İsrail’in sınır kapılarını kapatması, yakıt tedarikini durdurması ve elektrik akışını kesmesi nedeniyle pompaların çalışamaz hale gelmesi, sağlık risklerini ve salgın hastalıkların yayılma ihtimalini artırıyor.
Ateşkes ve esir takası anlaşmasının ilk aşamasının mart ayı başında tamamlanmasının ardından İsrail, Gazze’ye yönelik insani yardımların girişini engellemek amacıyla tüm sınır kapılarını yeniden kapattı.
Bu adımla Tel Aviv, Hamas’a baskı yaparak taleplerini kabul ettirmeyi amaçlıyor.
Gazze Belediye Sözcüsü Hüsnü Muhenna AA’ya yaptığı açıklamada, özellikle alçak kesimlerde yaşanan kanalizasyon taşkınlarının ciddi sağlık tehditleri oluşturduğunu belirterek durumun giderek kötüleştiğini ifade etti.
Kentin kanalizasyon sularının taşması ve özellikle alçak bölgelerde sokaklara sızması nedeniyle büyük bir krizle karşı karşıya olunduğunu belirten Muhenna, elektrik kesintisi ve yakıt eksikliğinin yanı sıra İsrail işgal güçlerinin kanalizasyon şebekeleri, yağmur suyu toplama sistemleri ve ana ulaşım hatlarını hedef almasının altyapıya ağır zarar verdiğini vurguladı.
Salgın hastalık tehdidi
Bu krizin özellikle yoğun nüfuslu bölgelerde salgın hastalıkların yayılma riskini artırdığını ifade eden Muhenna, kötü kokuların yayılması, böcek ve kemirgenlerin çoğalması gibi sorunların da baş gösterdiğini dile getirdi.

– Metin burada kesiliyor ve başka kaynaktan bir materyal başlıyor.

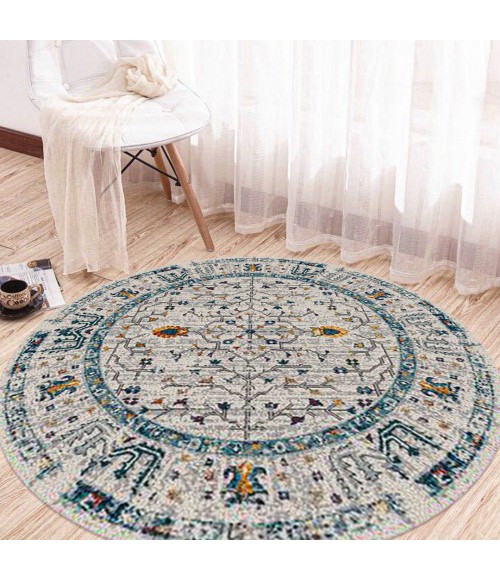 Amer Montana Dyanne Ivory/Yellow Polypropylene Round Rug 7'6"x7'6"R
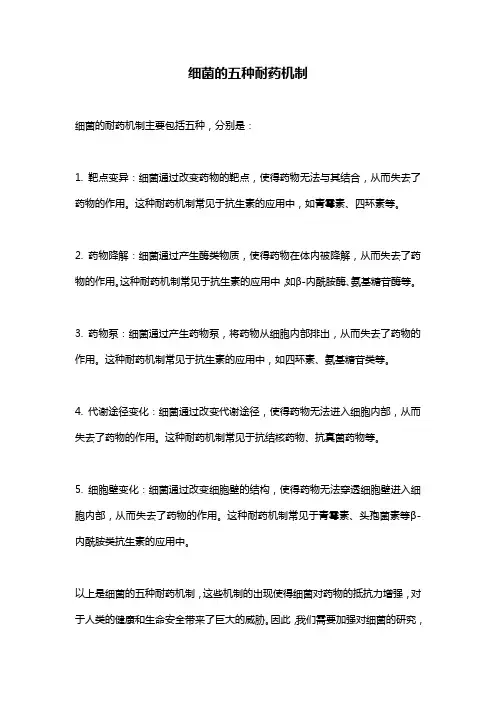 细菌的五种耐药机制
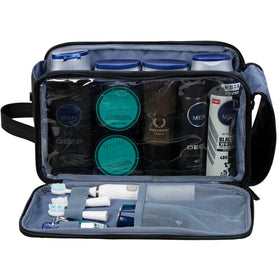 ZEEMO Travel Toiletry Bag showing fully see-through compartment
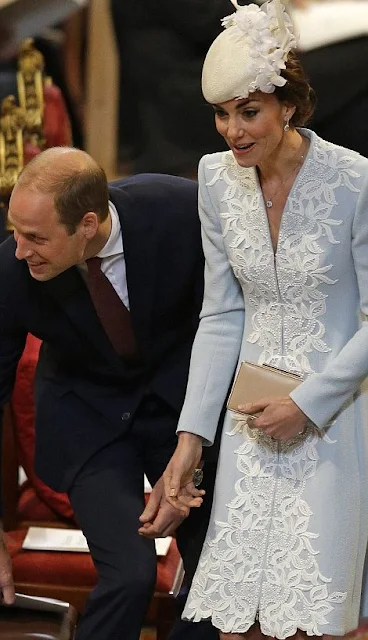 Prince William, Duke of Cambridge, Catherine, Duchess of Cambridge, Prince Harry, Sophie, Countess of Wessexi Kate Middleton wears Catherine Walker 'Rosa' coat dress, Countess Sophie Suzannah Dress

Muhenna, "Krizin kontrolden çıkması, hastalıkların benzeri görülmemiş şekilde yayılmasına neden olabilir." ifadesini kullandı.
Kanalizasyon krizinin, çöplerin birikmesi ve diğer çevresel sorunlarla birleşerek ciddi bir insani felakete yol açtığını belirten Muhenna, bölgeye gerekli ekipmanların girişine izin verilmesi ve acil bakım-onarım çalışmalarının yapılması için uluslararası müdahalenin şart olduğunu kaydetti.
İsrail'in Gazze Şeridi'nde 175 bin metreden uzun kanalizasyon şebekesini tahrip ettiğini hatırlatan Muhenna, sınır kapılarının 10 gündür kapalı olmasının, belediyelerin içme suyu ve kanalizasyon tesisleri gibi kritik altyapılar için gerekli yakıtı temin edememesine neden olduğunu söyledi.
Sözcü Muhenna, bu durumun, hayati öneme sahip tesislerin çalışmasını sekteye uğratarak insani krizi daha da derinleştirdiğini ifade etti.
Gazze kentindeki yağmur suyu depolama havuzlarından biri olan Şeyh Rıdvan Göleti'nin İsrail tarafından defalarca hedef alındığını ve havuzun elektrik ve enerji sisteminin tahrip olduğunu aktaran Muhenna, gelecek dönemde yağmur sularının artmasıyla kanalizasyon sularının taşma riskine dikkati çekerek bu durumun yıkılmaya yüz tutmuş bazı evlerin çökmesine ve yer altı sularının kirlenmesine yol açabileceği uyarısında bulundu.
"Hayat yaşanmaz hale geldi"
Gazze kentinin kuzeyinde, yağmur sularını toplamak için kullanılan "Şeyh Rıdvan Göleti"nin yanında ailesiyle birlikte yaşayan Muhammed Berakat, felakete dönüşen çevresel sorunların kendilerini olumsuz etkilediğini kaydetti.
Berakat, "Atık suların yağmur sularıyla karışması hastalık ve sağlık risklerini artırdı. Sürekli taşkınlar ve yaşam koşullarının kötüleşmesi nedeniyle burada hayat yaşanmaz hale geldi.” dedi.
Gazzeli Berakat, "Gördüğümüz manzara yürek burkuyor, atık suyun içinde yaşamaya mahkum edildik. Eğer durum böyle devam ederse beklenmedik sağlık riskleriyle karşı karşıya kalacağız." diye konuştu.
Yağmur sularını toplamak için kullanılan Şeyh Rıdvan Göleti, İsrail bombardımanı nedeniyle büyük zarar görürken atık sular da gölete sızarak büyük bir çevresel tehdide dönüştü.